Fifth, the Fund program brings a discipline that permeates across all the key economic ministries. After the last IMF program was successfully completed in September 2016, within 21 months we not only squandered all the gains but brought the country back to where it was in 2013. But unlike 2013 – which preceded long spell of low economic growth – we have a buoyant economy with growth of nearly 6pc last year, which was highest in 13 years. Strong consumer demand and continuing investments in the private sector, with private sector credit at unprecedented level in last two years, is the brightest sign of an economy on the move. But it is the government’s poor economic management since then that is pulling it down by incurring massive fiscal and current account deficits. Our capacity to self-discipline is virtually zero. If the new government is confident that it would bring that discipline, we have no reason to doubt. But it would be logical to test that hypothesis under stable economic conditions and not when things are already in disarray.

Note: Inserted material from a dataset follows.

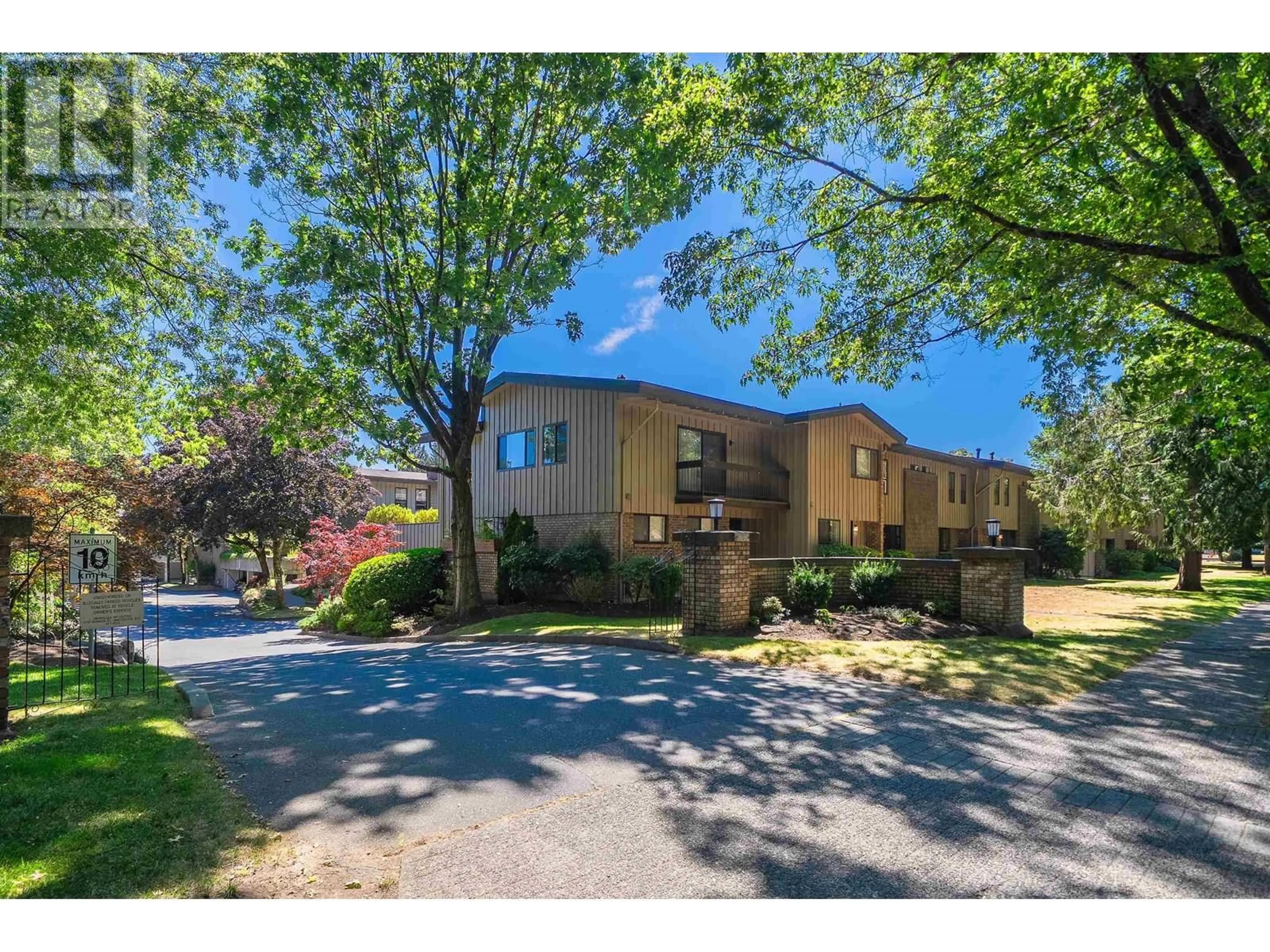A pic from outside/outdoor area/front of a property/back of a property/a pic from drone, street for 34 - 3150 58TH AVENUE, Vancouver British Columbia V5S3S9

Sixth, those who advocate freer hand in fiscal affairs to provide relief and pursue campaign promises, sadly there is no room available for such pursuits. Not going to the Fund does not provide freedom to continue to live the life of profligacy. Austerity, frugality and economy have to be the catch-words or defining characteristics of the new economic agenda. But if that be the case, seeking Fund assistance would only help bring stability faster and with ease, as it would open numerous windows of mobilising critically needed resources both for immediate needs as well as to build buffers for future security.

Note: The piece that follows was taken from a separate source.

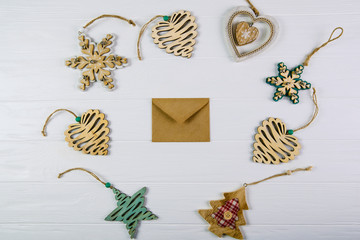 Christmas composition. Envelopes with christmas toys on wooden white background. Flat lay, top view.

Finally, let’s note that early indicators in first fiscal month of July – such as inflation, foreign investment, current account deficit – are all pointing to continuing deterioration. Inflation was registered at 5.8pc and is rising since last four months. Foreign investment was flat. The most surprising outcome was stubbornness of current account deficit which was again registered at $2 billion even after a 15pc depreciation of rupee in last few months. These developments point to some deep structural imbalances afflicting the economy, which would be corrected only through sustained reform efforts. Of these, none is more significant than to tame the fiscal deficit which is the primary cause of unraveling the macroeconomy. When addressing it, real pain would be felt across many parts of the economy. The talk of relief any time soon would be misplaced. Indeed, the government should refrain from meddling with prices such as those of electricity, gas and petroleum products. In coming days, all these prices would be on the rise and there would be temptation to interfere with their passage to end-consumers. If the government has necessary resources to subsidise these prices, there would be no issue. But when the primary concern is spiraling deficit, the question of resource availability doesn’t arise. The need is to remove subsidies and other costs that have given rise to the unsustainable deficit.
Based on the above, our sincere advice to the government is to adopt an unequivocal stance on economic management without any delay and, in our view, the straight forward way is to seek a Fund program to stabilise the economy that would support a buoyant private sector, which is already rendering exceptional performance.